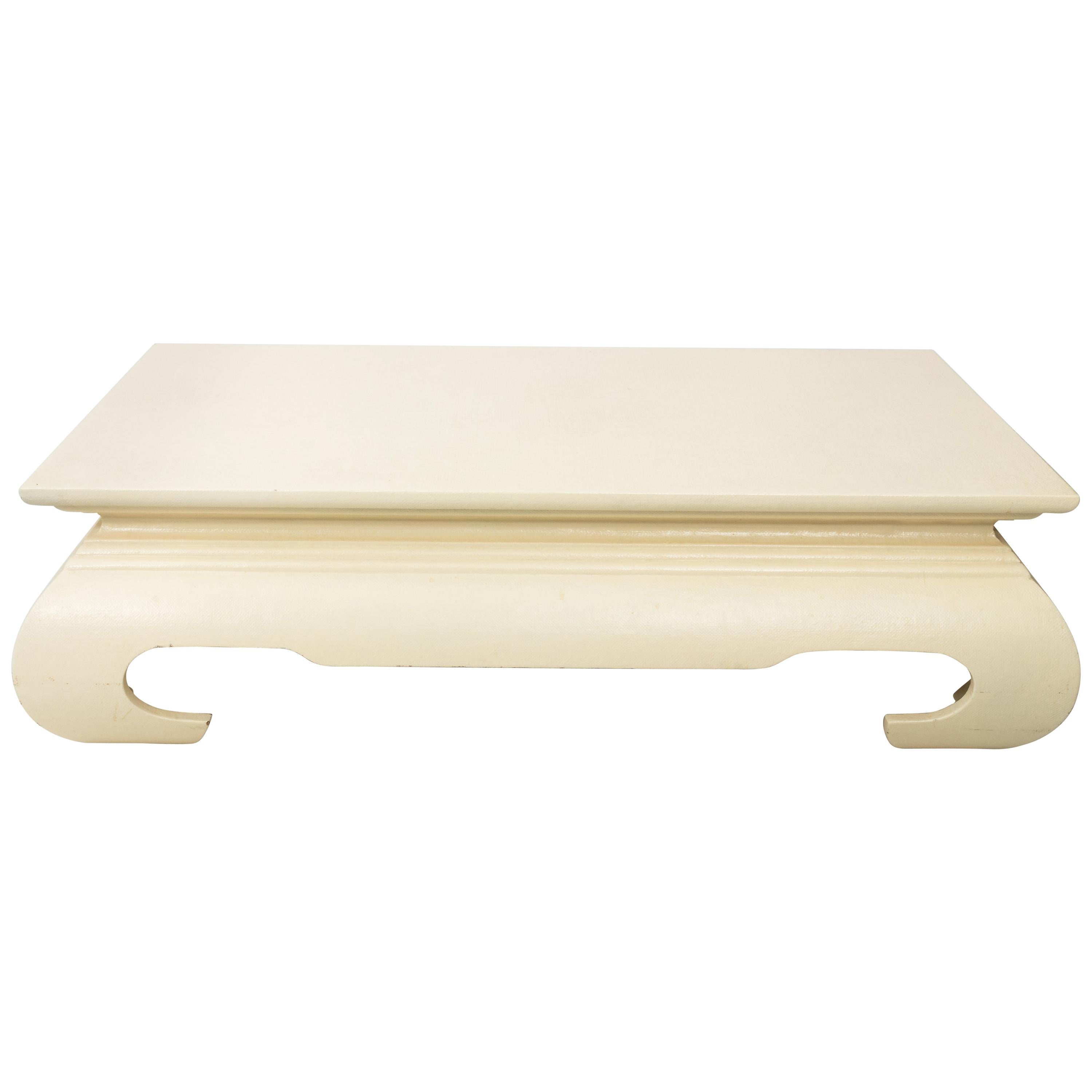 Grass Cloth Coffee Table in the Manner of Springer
= = =
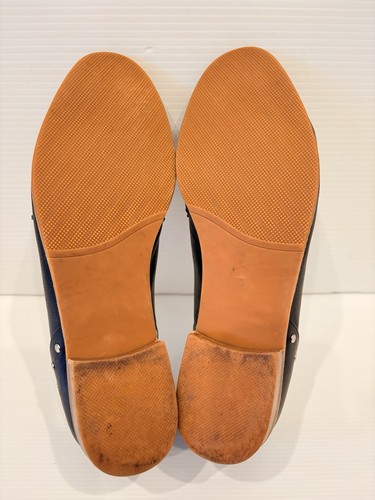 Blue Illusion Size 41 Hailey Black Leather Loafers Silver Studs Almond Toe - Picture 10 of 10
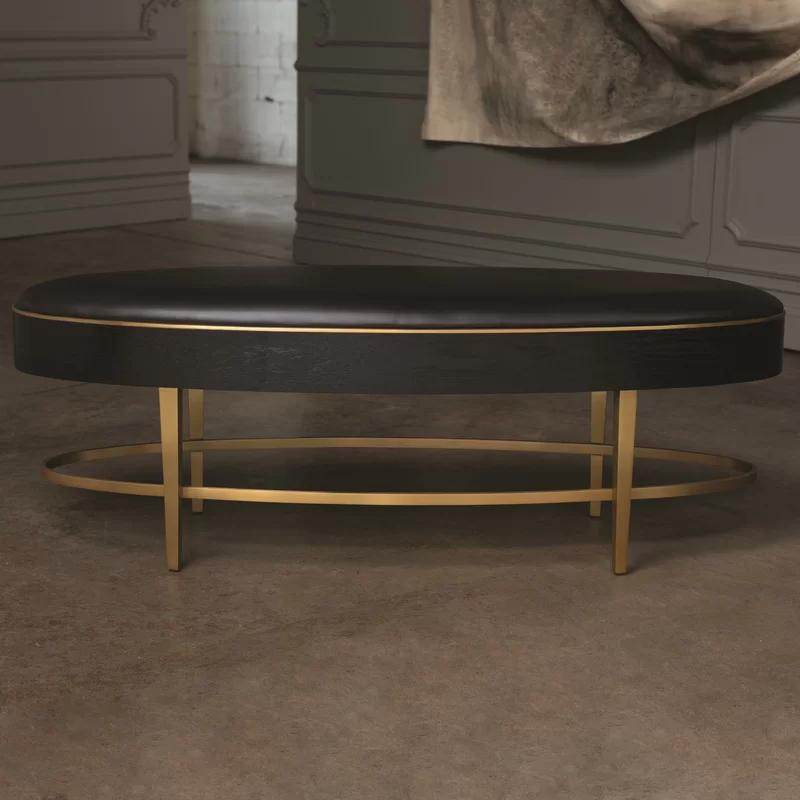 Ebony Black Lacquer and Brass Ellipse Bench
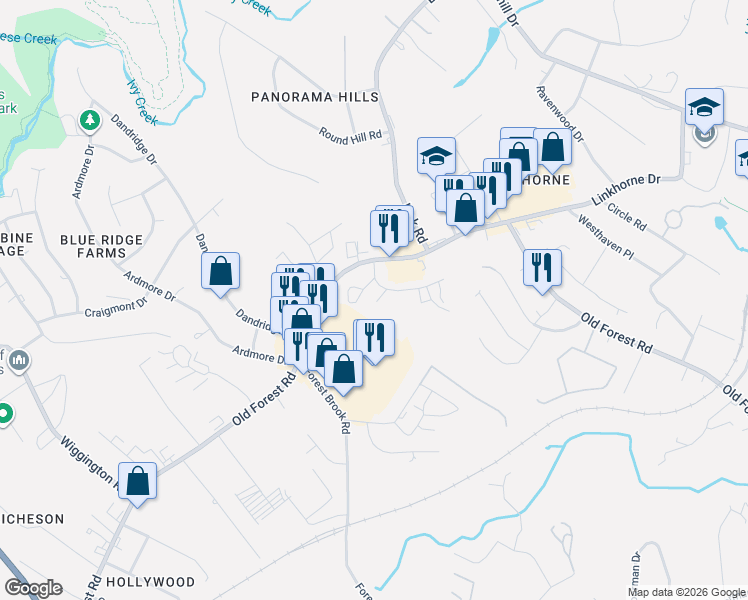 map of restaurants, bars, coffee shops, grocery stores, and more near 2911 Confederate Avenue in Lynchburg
= = =
Print, exactly, each line above from the one with "Ebony Black Lacquer and Brass Ellipse Bench" to the one with "map of restaurants, bars, coffee", end lines included. Leave pictures out of it.

Written reply:
 Ebony Black Lacquer and Brass Ellipse Bench
 map of restaurants, bars, coffee shops, grocery stores, and more near 2911 Confederate Avenue in Lynchburg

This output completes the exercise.